Kathy Boccella The Philadelphia Inquirer

Talk radio is the domain of politically powerful kooks who like to stir up trouble and call people horrible names, right?

Newspaper and magazine readers might think so.

A new study by the University of Pennsylvania’s Annenberg School for Communications says the print media portray talk radio as “scary and pernicious,” said communications Professor Joseph Turow. “The whole attitude toward talk radio is extremely negative in the media.”

It comes as no surprise which talk-show host takes the most media heat: Rush Limbaugh.

“He signified and embodied overall the print media’s negative tone about talk radio, which was furthered by spikes of controversy from G. Gordon Liddy and Bob Grant,” said Turow, one of three professors who worked on the study.

Stories about Limbaugh “had just an overall sense of unfavorableness about him, that the guy is brass, not accurate with the facts,” he added.

Limbaugh could not be reached for comment Monday, but he told his listeners last week that he was delighted with the study.

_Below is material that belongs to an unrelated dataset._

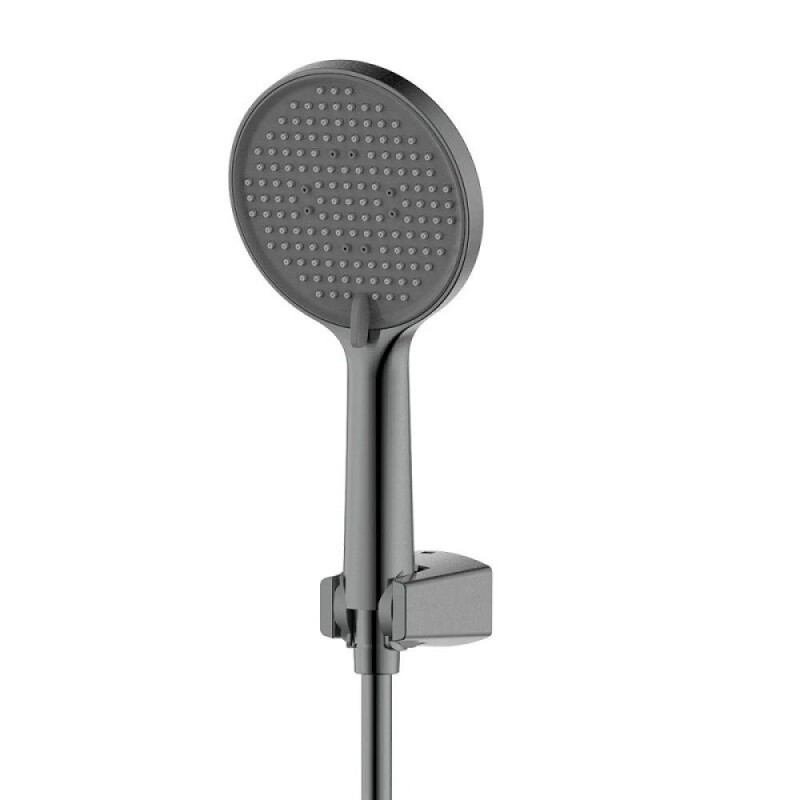 Смеситель Aquame Asti AQM6413GM, для душа, с душевым гарнитуром, вороненая сталь, gunmetal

He makes no secret of his dislike of the mainstream media, which he believes are biased against conservatives such as himself.

The study of political call-in shows examined the coverage of 16 national and nine local talk-show hosts between 1993 and 1995. Researchers analyzed articles from newspapers and magazines and listened to 105 hours of Limbaugh, the most mentioned political talk-show host, and 150 hours of other talk broadcasters.

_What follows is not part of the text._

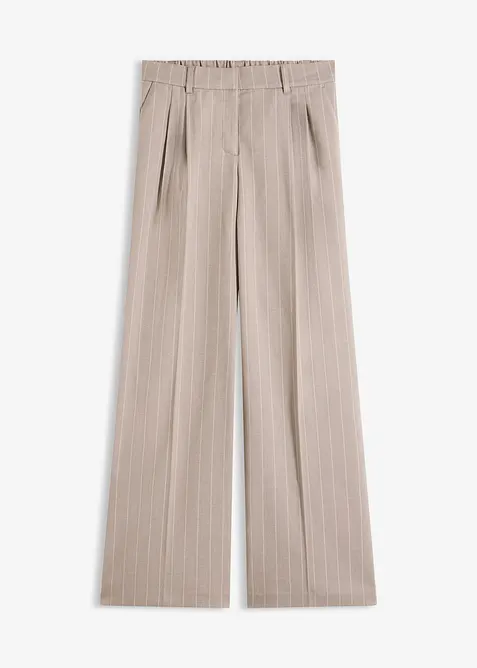 Nadelstreifen Marlenehose aus softem Viskose-Mix in braun von vorne - bonprix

They found that the print media’s attention to talk radio has skyrocketed since Limbaugh hit the airwaves in 1989. And the attention is mostly unfavorable.

“The mainstream media tend to portray political talk radio superficially and as powerful, pernicious and homogeneous,” the study concluded. “A reader of the mainstream press would find little in-depth analysis of the hosts or their programs.”

“In the press, talk radio is a domain of brash anger and bizarrely conservative behavior that is generally disconnected from mainstream politics,” it said.

Turow said: “We didn’t find nearly the kind of rabidity, anger and craziness that one might expect from the mainstream print media coverage of this.”

The survey cited the press’ repeated echoing of a few by-now-familiar remarks by Liddy (that threatening agents from the Bureau of Alcohol, Tobacco and Firearms should be shot) and Grant (who referred to some blacks as “savages” and former New York Mayor David Dinkins as a “washroom attendant”).

While those comments have entered into media lore, they are not the norm, the researchers said.

“I’m not excusing this kind of stuff,” Turow said. “Despite the horrible things that some people like Bob Grant have said, most talk radio is not of that vein. … The press tends to pick up on absolutely the worst aspect of it.”

The most targeted host is Limbaugh, who was mentioned in 20,799 stories. Liddy’s name appeared in 3,344 stories.

Listeners, too, are portrayed as crazies, the study said. However, the typical listener is “more likely than nonlisteners to consume all news media other than TV news, to be more knowledgeable and to be involved in political activities,” the survey said.

In other findings, the survey showed that local hosts got practically no coverage from their hometown newspapers and that the print media exaggerate talk radio’s political impact.

Turow’s advice to journalists is to ease up on the criticism and give a more balanced portrayal of talk radio. It “is a form of public conversation,” he said.